NVIDIA's InstCombine in CICC v13.0 is approximately twice the size of upstream LLVM's, weighing in at roughly 405 KB for the main visitor alone. The monolithic visitor function at sub_10EE7A0 dispatches across 80 unique opcode cases through a three-level switch structure, handling standard LLVM instructions, NVIDIA-extended vector and FMA operations, and three high-opcode NVVM intrinsic dead-code elimination patterns. A separate 87 KB intrinsic folding function (sub_1169C30) handles NVVM-specific canonicalization, and a 127 KB computeKnownBits implementation (sub_11A7600) provides the dataflow backbone.

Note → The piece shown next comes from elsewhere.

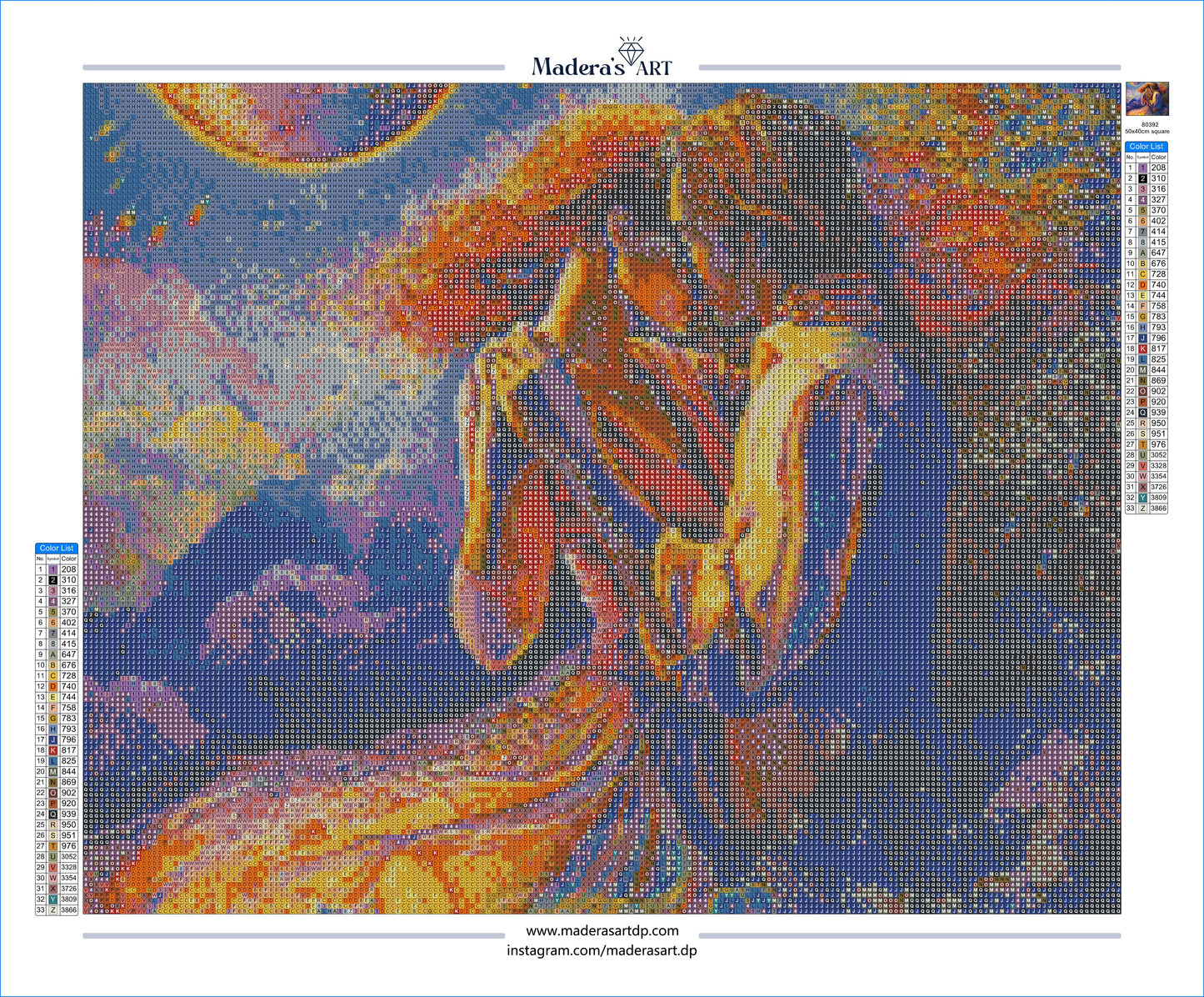 Aşık Çift 40x50cm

This page covers the visitor architecture, the per-instruction-type visitors recovered from the binary, and the NVIDIA-specific extensions that distinguish this implementation from upstream.
| Registration | New PM #398, parameterized: no-aggressive-aggregate-splitting;...;max-iterations=N |
| Runtime positions | Tier 0 #28 (via sub_19401A0); Tier 1/2/3 #42 (gated by !opts[1000]); see Pipeline |
| Main visitor | sub_10EE7A0 (0x10EE7A0, ~405 KB, 9,258 lines) |
| Intrinsic folding | sub_1169C30 (0x1169C30, ~87 KB, 2,268 lines) |
| computeKnownBits | sub_11A7600 (0x11A7600, ~127 KB, 4,156 lines) |
| SimplifyDemandedBits | sub_11AE870 / sub_11AE3E0 (wrapper + hash table) |
| Opcode cases | 80 unique case labels across 3 switch blocks |
| NVIDIA extra size | ~200 KB beyond upstream (~87 KB intrinsic fold + ~113 KB expanded cases) |
Visitor Architecture
The main visitor sub_10EE7A0 receives an NVVM IR node pointer (__m128i* a2) and attempts to simplify it. A persistent local v1612 aliases the instruction being visited. The function has four structural regions:
Preamble (lines ~1760--2000) performs pre-dispatch checks: validating call-site attributes (opcode 41 for bitwise-assert), handling ternary FMA instructions (opcodes 238--245), checking for constant-foldable select patterns, canonicalizing operand ordering (constant to RHS), and running SimplifyDemandedBits via sub_11A3F30 on the result type.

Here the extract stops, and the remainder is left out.